This was the year where we emerged from the Covid pandemic and reacquainted ourselves with our more normal face to face meetings, gatherings and celebratory events; whilst still being mindful and precautious because, as was repeatedly emphasised in the media ‘Covid hasn’t gone away’. 

## Building community-based organisation to deliver river conservation: 

The conservation activities we aspire to be in line with the charity’s objectives require us to develop an effective linked community organisation along the full extent of the river. We intend to do this progressively over the next few years. In 2022 we were able to progress our river restoration activities through the Brecks Fen Edge & Rivers Landscape Partnership Scheme (BFER) and matching grants made to us by the Environment Agency. In all we carried out some ten work parties across the year with more than 20 volunteers participating. We also delivered ‘smart rivers’ training to nine of our volunteers. In 2022 we have launched our programme of citizen science activities aimed at establishing a greatly enhanced evidence base of ecological, stream water quality and stream flow data across the catchment.
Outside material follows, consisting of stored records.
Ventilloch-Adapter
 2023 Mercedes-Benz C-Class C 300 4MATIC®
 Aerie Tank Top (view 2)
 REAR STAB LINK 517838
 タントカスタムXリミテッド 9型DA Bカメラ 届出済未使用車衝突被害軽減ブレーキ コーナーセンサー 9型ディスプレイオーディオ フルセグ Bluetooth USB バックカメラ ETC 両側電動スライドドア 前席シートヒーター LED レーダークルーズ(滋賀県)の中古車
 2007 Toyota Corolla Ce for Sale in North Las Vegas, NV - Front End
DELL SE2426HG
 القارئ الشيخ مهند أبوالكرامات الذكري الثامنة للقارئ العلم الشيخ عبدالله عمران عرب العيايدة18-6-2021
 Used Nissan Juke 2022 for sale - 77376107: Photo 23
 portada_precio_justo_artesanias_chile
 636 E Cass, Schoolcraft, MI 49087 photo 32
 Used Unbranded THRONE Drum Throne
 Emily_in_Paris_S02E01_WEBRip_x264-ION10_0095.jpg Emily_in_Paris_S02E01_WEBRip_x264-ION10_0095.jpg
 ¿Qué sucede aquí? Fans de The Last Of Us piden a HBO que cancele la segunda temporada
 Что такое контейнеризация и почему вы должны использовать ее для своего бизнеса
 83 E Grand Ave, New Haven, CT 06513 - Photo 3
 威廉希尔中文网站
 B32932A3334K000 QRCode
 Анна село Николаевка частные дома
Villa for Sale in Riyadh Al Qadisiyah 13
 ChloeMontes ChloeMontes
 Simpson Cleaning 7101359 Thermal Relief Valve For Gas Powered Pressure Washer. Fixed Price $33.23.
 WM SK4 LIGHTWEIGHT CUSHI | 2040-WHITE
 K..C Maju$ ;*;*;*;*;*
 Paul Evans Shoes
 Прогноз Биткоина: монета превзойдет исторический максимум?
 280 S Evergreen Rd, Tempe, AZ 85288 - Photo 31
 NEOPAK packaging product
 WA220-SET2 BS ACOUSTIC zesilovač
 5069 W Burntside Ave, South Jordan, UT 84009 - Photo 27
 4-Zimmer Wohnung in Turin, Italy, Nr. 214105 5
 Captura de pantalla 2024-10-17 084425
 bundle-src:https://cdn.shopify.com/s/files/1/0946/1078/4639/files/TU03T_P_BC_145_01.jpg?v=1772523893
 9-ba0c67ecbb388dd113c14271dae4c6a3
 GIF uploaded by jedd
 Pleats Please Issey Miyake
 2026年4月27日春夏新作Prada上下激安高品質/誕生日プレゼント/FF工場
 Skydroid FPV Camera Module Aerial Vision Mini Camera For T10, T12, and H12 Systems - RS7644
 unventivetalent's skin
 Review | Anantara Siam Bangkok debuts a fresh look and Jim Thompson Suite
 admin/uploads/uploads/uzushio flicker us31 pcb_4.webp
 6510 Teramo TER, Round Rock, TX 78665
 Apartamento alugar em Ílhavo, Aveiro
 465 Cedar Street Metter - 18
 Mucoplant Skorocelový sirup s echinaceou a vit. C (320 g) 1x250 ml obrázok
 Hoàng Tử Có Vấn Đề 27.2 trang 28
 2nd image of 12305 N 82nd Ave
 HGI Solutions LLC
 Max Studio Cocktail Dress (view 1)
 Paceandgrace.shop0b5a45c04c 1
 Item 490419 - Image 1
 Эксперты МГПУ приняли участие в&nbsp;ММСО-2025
We are signed up as a pilot catchment through CamEO for the national citizen science water quality project - Catchment Systems Thinking Cooperative (CaSTCo) and we will work in partnership for that with the River Wensum team in Norfolk. 

The River Lark chalk-stream Flagship Project: 

In 2022 RLCP has entered into a partnering relationship with Anglian Water (AW) for the preparatory stage of the Lark chalk-stream Flagship Project. From 2025 to 2030 AW will be implementing the project aimed at significantly improving the health of our precious chalk stream. Our memorandum of understanding with AW looks to build on our Action Plan for the river and also to develop our capabilities as their community partner in the project’s implementation. 

The RLCP Water for Tomorrow project: 

In September 2021 RLCP was grant funded a project to deliver services for enhancing:- 

- Shared river abstraction and water management by farm businesses in the Lark 

- Communication and Engagement to develop RLCP Catchment Water Management attributes. This project funds an array of water management and citizen science activities from September 2021 to April 2023. In November 2022 we added a further communication and engagement grant from Water for Tomorrow to fund our outreach and engagement efforts with farmers and other landowners across the catchment and to boost our citizen science activities. 

The River Lark is a sub-catchment of the Cam and Ely-Ouse catchment (CamEO). Throughout the year we have participated in the regular CamEO ‘collaboration and engagement’ meetings and other events including the annual conference held in October where we show cased our activities.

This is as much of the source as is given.